After a couple of montages of welding, bolting and hammering away furiously on keyboards, the team perfect the device, sending an extra from Dawn of the Planet of the Apes to and from the mysterious dimension successfully. It's time to send humans through, but those spoilsports at NASA want to send professional astronauts rather than Reed and his buddies. Having none of this, Victor, Reed and Johnny get wasted (a single hip flask is laughably all it takes between all three) and decide to break on through to the other side, bringing along Ben, whom the scriptwriters seemingly couldn't find a role for prior to this. As you'd expect, and as you already know, BECAUSE EVERYONE IN THE WESTERN HEMISPHERE IS FAMILIAR WITH THIS STORY, their trip doesn't go well. Leaving Victor behind, seemingly drowned in green lava, the other three return, transformed into The Thing, The Human Torch, and Mr. Fantastic. For some reason that isn't entirely made clear, Sue becomes The Invisible Woman despite not having joined the boys on their inter-dimensional journey.
Up to the point I've described, the movie isn't all that bad, thanks to the quality quartet of actors at work. It's refreshing to see protagonists whose skill comes from their intellect rather than their physical power. Though they spout a lot of techno-babble, the characters do somewhat convince us of their intelligence. 
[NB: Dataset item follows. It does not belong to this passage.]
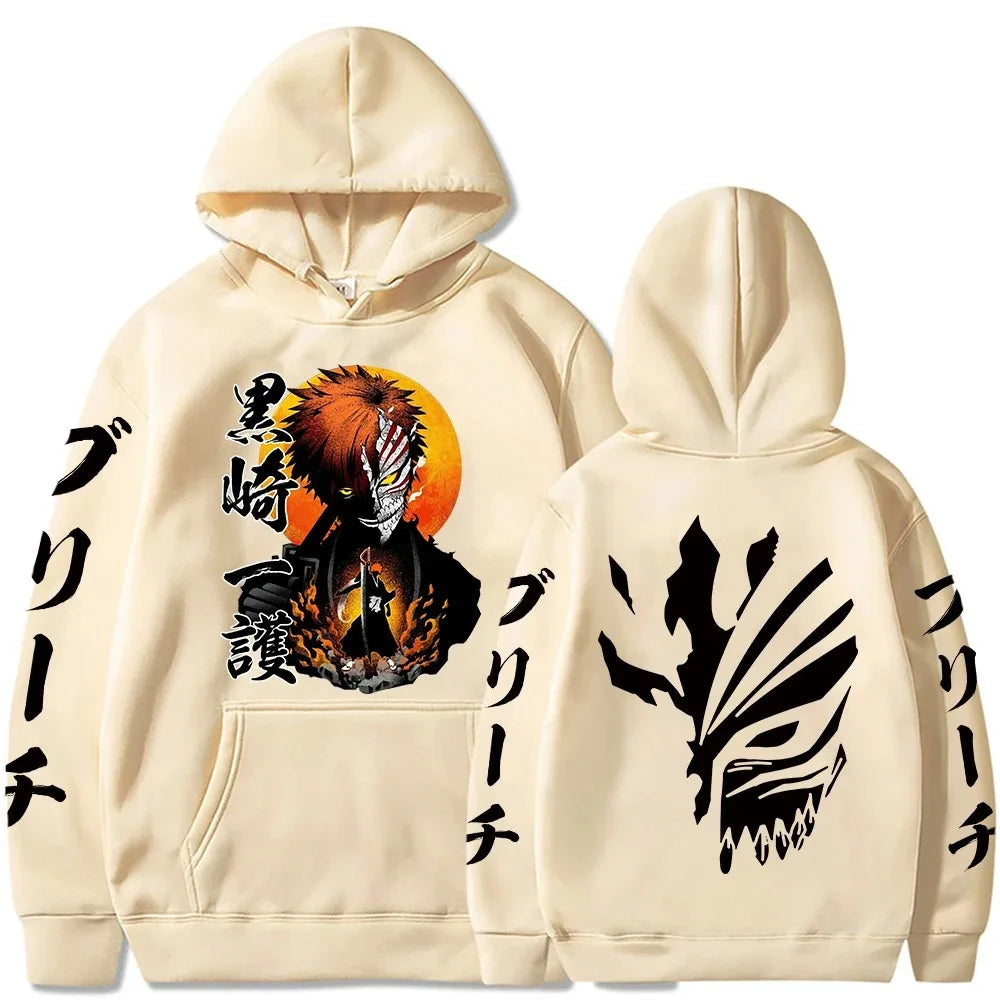 Japan Anime Cartoon Manga Peripherals Hoodies Bleach Print Pullovers Long Sleeve Harajuku Fashion Fleece Warm Casual Sweatshirt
The movie's most interesting character is Ben, but the writers seem conflicted in how to portray him, and there's a point in the movie where you feel he has more reason to ultimately become the story's villain than Doom, who is a shell of a character. The most interesting part of Doom is his initial appearance, made up to resemble screenwriter Max Landis, who director Josh Trank publicly fell out with following their collaboration on Chronicle. Ben's relationship to Reed is a lot like his namesake Affleck's friendship with Matt Damon in Good Will Hunting, and an early scene has Ben tell Reed how the Baxter Building is his friend's natural home. Bell plays it wonderfully, his face telling us his pride is tempered with his belief that his friend has outgrown him. Sadly, there's nothing else in the movie to match this moment in terms of depth.
A common complaint about comic book adaptations is how visually uninteresting they are, and with 90% of the movie set in a laboratory, Fantastic Four leads us to wonder in bemusement at where its $122 million budget was spent. More than any other big budget movie in recent memory, Josh Trank's film resembles a TV pilot, one for a series that will never be allowed to play out. A sequel is scheduled for 2017, but everyone expects Marvel to get their hands on this property, now owned by Fox, which means in a few years time we get to sit through this origin story yet again. Don't empty the ashcan just yet.